● WHAT IS NEEDED:
A verbatim reproduction of the following listing is required; omit the pictures.

------ DATA

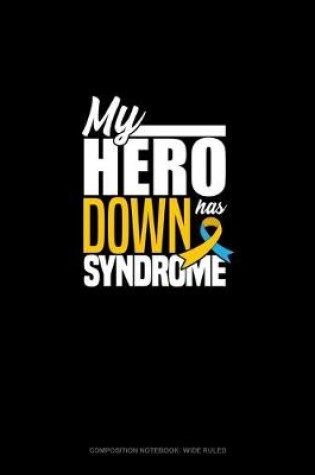 Cover of My Hero Has Down Syndrome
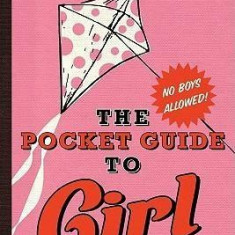 Pocket Guide to Girl Stuff | Bart King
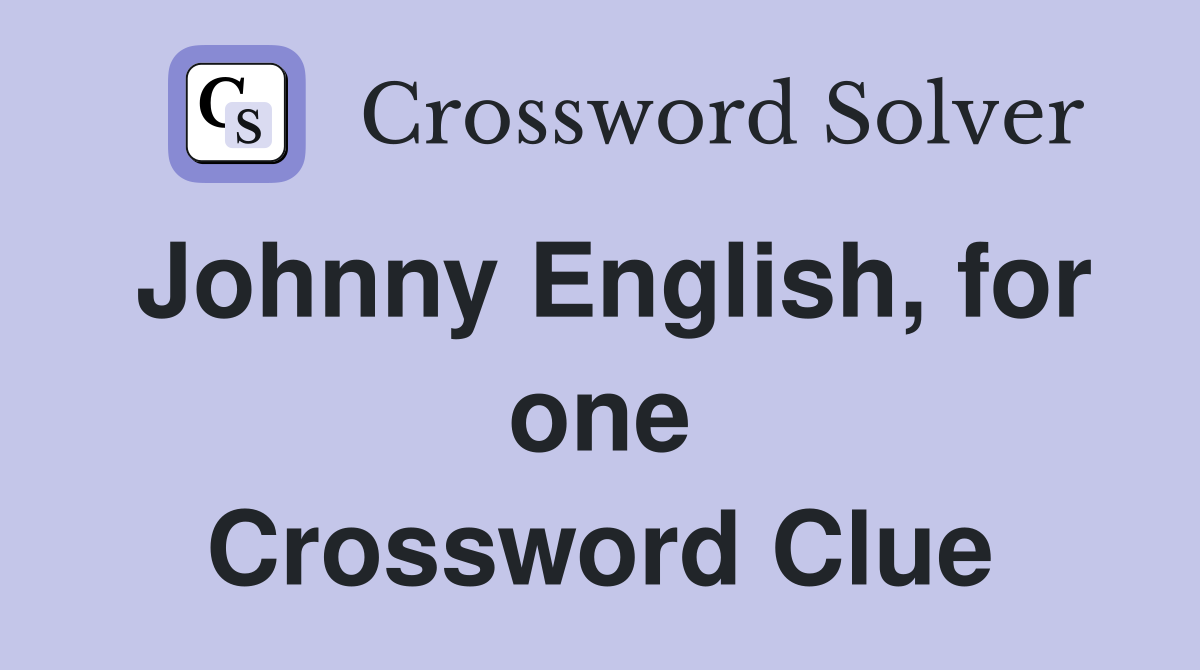 Johnny English, for one Crossword Clue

------------

● RESPONSE AREA:
 Cover of My Hero Has Down Syndrome
 Pocket Guide to Girl Stuff | Bart King
 Johnny English, for one Crossword Clue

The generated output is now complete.